PubMed Scraper

A simple piece of code that returns Title:Abstract in the form of a json file from a given keyword and desired number of results. This will give us our pre-processed data from PubMed, I will then parse that data down to required lengths in the form of a tuple with the attached keyword that it contains (a current thought, there might be a better approach). Furthermore the parsed data will be in the form of sentences within parts of it’s surrounding sentences, in order to better the context in which our keyword of interest is being used.
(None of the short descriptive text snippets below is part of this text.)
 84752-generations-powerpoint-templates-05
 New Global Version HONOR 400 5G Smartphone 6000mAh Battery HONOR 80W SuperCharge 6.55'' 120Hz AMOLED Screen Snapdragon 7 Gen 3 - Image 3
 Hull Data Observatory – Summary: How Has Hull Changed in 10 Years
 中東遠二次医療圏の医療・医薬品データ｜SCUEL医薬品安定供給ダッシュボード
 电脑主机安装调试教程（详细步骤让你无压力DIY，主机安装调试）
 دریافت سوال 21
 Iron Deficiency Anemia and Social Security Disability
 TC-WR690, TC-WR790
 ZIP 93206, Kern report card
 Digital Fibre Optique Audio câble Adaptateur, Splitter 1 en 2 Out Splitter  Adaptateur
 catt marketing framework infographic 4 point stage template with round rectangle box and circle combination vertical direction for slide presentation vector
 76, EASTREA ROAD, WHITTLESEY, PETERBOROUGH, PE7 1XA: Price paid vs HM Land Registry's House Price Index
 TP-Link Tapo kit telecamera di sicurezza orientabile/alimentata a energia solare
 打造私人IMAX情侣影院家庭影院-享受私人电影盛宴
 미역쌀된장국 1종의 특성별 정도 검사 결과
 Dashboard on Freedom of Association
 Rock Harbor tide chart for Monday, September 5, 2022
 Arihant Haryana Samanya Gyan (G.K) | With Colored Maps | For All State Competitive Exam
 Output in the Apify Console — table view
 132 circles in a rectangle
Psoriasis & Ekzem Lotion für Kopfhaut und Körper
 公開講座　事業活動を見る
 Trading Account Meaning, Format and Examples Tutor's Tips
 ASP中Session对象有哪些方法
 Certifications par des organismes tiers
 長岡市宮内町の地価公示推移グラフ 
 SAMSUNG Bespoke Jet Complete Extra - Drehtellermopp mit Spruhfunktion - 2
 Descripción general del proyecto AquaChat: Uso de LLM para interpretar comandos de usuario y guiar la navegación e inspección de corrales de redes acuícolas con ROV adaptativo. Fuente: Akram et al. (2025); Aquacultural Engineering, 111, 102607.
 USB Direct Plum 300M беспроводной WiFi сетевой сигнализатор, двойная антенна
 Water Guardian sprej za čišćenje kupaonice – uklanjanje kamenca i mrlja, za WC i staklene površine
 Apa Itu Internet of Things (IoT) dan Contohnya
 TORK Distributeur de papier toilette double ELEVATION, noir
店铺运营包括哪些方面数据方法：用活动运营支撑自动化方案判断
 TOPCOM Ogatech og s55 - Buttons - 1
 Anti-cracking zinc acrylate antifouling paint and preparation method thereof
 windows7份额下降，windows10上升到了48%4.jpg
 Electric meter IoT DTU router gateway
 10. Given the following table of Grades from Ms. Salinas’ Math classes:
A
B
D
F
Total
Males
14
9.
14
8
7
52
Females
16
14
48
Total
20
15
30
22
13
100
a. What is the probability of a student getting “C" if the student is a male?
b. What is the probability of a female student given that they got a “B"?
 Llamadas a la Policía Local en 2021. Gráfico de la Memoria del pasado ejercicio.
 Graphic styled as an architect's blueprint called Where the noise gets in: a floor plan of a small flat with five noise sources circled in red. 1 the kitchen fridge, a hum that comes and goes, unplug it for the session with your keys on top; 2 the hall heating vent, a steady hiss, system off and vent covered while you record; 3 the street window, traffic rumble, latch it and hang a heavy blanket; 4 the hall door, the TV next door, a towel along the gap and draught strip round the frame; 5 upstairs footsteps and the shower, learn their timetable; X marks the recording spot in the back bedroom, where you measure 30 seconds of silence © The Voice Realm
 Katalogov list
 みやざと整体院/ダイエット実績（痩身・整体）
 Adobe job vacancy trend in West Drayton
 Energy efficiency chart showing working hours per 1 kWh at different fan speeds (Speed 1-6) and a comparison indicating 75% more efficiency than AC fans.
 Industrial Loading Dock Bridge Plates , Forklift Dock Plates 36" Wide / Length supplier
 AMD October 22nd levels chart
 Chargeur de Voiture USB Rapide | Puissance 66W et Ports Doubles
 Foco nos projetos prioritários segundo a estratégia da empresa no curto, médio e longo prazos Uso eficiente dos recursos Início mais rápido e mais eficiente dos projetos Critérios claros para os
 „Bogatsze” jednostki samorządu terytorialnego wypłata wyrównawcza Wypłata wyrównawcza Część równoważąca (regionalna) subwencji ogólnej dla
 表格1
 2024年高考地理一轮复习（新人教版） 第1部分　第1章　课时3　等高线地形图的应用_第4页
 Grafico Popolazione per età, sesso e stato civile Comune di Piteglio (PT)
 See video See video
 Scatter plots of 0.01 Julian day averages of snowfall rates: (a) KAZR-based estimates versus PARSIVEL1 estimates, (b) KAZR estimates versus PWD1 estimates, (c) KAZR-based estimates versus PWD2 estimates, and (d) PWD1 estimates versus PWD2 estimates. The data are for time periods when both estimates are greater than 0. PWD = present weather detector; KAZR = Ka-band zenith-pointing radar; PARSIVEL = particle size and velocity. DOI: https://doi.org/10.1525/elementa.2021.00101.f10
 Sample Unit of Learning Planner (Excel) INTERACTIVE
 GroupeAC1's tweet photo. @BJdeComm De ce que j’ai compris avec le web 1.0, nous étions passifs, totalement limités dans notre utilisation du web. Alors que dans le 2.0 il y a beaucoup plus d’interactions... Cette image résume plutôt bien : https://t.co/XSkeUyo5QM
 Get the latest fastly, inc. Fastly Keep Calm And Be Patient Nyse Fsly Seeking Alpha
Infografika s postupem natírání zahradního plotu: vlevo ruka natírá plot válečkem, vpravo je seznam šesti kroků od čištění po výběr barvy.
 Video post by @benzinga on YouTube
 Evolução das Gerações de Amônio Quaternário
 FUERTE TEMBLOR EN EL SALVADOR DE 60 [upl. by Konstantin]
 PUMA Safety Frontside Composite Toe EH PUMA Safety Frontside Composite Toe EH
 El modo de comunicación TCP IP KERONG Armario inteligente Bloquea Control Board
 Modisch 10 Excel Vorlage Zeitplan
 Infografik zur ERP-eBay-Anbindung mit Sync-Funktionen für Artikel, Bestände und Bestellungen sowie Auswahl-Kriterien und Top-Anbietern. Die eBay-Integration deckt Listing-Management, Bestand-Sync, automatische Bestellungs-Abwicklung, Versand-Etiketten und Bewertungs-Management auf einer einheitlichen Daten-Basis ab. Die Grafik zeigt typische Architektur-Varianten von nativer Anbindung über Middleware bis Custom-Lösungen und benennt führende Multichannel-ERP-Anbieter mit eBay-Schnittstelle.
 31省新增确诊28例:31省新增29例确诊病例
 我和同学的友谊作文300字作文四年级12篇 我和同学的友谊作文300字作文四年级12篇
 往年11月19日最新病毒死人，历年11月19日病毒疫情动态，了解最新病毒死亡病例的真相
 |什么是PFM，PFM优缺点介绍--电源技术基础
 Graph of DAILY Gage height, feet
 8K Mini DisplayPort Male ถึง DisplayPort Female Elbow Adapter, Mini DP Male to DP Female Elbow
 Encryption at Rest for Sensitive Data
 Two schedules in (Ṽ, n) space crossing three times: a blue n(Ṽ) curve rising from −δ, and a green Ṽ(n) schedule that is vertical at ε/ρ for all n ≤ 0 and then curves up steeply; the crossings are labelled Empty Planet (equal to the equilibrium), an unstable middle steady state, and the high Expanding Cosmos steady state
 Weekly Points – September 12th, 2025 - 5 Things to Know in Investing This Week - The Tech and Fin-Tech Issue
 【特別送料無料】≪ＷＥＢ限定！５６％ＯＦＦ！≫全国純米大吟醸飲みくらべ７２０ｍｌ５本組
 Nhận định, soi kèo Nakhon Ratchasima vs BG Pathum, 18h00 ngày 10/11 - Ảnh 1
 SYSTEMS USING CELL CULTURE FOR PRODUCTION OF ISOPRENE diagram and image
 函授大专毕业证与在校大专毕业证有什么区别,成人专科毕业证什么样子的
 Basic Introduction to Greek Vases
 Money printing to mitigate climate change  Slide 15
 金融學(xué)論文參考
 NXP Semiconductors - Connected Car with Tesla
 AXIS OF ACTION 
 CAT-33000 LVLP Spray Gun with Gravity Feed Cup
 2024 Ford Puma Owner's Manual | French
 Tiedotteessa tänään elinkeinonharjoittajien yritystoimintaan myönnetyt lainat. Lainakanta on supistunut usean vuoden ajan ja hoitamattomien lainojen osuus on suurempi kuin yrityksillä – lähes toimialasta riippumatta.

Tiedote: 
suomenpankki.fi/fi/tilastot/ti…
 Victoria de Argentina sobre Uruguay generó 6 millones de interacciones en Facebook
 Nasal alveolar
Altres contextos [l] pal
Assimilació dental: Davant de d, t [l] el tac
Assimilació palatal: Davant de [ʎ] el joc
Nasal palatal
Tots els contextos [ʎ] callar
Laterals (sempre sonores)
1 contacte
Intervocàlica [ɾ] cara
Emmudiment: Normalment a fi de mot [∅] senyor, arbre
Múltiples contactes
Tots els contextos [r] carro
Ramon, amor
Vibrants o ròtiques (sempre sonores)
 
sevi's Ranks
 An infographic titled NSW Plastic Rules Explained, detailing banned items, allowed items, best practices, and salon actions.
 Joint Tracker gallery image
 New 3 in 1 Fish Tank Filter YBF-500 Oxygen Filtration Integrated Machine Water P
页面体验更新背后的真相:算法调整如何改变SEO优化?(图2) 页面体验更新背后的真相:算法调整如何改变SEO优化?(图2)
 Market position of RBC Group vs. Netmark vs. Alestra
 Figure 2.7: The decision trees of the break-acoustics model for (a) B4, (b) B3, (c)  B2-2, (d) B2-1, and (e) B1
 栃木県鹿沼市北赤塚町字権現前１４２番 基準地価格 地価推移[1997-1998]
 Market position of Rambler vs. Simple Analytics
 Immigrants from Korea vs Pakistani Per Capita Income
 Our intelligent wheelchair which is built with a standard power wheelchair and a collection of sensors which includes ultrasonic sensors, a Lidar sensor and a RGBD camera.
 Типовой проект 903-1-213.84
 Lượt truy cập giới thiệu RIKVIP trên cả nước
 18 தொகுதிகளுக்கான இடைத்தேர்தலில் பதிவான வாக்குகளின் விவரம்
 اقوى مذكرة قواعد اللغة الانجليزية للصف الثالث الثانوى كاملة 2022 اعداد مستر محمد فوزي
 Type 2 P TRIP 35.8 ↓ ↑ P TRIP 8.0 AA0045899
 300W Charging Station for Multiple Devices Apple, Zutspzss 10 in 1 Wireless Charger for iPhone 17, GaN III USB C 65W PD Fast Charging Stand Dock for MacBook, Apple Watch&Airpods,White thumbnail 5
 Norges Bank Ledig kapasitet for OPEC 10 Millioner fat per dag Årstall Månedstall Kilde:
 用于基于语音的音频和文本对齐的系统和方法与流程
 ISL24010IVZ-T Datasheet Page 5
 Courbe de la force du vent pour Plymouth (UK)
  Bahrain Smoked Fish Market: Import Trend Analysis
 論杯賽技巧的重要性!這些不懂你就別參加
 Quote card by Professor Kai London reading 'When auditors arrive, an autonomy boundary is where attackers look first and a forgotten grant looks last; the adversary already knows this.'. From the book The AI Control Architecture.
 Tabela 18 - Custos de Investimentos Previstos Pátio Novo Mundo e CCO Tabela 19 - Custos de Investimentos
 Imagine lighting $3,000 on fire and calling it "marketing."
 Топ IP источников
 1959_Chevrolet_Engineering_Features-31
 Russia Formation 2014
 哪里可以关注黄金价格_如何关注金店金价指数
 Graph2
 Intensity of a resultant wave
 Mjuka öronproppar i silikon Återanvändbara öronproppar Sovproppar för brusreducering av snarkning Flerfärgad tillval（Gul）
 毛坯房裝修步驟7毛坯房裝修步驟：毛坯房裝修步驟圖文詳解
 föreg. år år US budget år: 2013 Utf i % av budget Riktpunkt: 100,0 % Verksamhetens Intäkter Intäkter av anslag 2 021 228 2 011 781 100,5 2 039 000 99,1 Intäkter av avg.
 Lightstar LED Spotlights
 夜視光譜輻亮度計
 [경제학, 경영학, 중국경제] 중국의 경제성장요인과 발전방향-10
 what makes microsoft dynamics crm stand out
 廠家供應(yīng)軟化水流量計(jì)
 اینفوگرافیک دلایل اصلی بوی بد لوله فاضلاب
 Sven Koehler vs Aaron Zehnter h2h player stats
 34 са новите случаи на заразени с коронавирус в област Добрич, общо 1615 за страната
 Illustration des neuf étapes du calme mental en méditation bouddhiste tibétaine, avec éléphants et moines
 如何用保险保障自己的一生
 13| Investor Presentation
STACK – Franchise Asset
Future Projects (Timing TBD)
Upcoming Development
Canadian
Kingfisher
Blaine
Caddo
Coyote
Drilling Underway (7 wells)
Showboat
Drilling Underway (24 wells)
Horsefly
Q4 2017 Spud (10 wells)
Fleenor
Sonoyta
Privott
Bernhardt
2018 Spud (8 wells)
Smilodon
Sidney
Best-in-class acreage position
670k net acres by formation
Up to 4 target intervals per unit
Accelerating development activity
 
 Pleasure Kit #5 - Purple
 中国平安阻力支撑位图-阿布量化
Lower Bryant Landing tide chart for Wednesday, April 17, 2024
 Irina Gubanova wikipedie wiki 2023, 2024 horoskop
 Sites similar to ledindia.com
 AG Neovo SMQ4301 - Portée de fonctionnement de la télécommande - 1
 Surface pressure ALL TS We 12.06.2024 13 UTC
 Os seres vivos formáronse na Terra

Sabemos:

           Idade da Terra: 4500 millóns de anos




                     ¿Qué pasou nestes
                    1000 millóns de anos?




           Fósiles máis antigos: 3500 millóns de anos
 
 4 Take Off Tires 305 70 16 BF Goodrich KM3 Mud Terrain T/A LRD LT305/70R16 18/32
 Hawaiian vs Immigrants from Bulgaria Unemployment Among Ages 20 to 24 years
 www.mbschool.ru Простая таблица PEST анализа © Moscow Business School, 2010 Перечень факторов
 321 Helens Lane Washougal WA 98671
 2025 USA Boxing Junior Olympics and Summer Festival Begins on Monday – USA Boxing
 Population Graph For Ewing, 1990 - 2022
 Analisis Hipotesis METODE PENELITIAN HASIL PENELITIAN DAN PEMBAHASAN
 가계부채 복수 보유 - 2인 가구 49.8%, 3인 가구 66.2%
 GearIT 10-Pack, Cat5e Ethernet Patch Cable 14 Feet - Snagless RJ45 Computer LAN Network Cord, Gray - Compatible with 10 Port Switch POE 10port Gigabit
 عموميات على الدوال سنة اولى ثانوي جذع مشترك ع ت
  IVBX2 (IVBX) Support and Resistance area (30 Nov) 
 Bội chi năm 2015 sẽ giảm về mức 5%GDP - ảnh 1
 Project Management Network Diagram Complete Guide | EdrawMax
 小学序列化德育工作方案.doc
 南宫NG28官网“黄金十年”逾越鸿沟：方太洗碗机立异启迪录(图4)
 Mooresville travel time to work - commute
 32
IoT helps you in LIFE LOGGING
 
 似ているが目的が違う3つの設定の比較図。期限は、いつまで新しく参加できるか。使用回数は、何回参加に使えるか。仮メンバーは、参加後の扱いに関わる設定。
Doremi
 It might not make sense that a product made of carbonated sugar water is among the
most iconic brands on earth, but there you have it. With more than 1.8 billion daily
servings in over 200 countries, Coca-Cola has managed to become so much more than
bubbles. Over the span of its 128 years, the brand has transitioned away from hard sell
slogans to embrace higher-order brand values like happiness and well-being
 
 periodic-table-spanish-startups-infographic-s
from bs4 import BeautifulSoup
import urllib
import requests
import json
import re

url="https://eutils.ncbi.nlm.nih.gov/entrez/eutils/esearch.fcgi?db=pubmed&retmode=json&retmax=NUM&sort=relevance&term=KEYWORD"
dict_studies = {}
links = []

# We ask the user to provide the keyword and number of results and subsequently replace these elements in the url string
keyword = str(input('Enter Search Term: '))
num = int(input('Enter Desired  Number of Results: '))
url = url.replace('NUM', str(num))
url = url.replace('KEYWORD', keyword)

webpage = urllib.request.urlopen(url).read()
dict_page =json.loads(webpage)
idlist = dict_page["esearchresult"]["idlist"]

#Creates the links from embeded href tags
for link in idlist:
    links.append("https://pubmed.ncbi.nlm.nih.gov/"+str(link)+"/")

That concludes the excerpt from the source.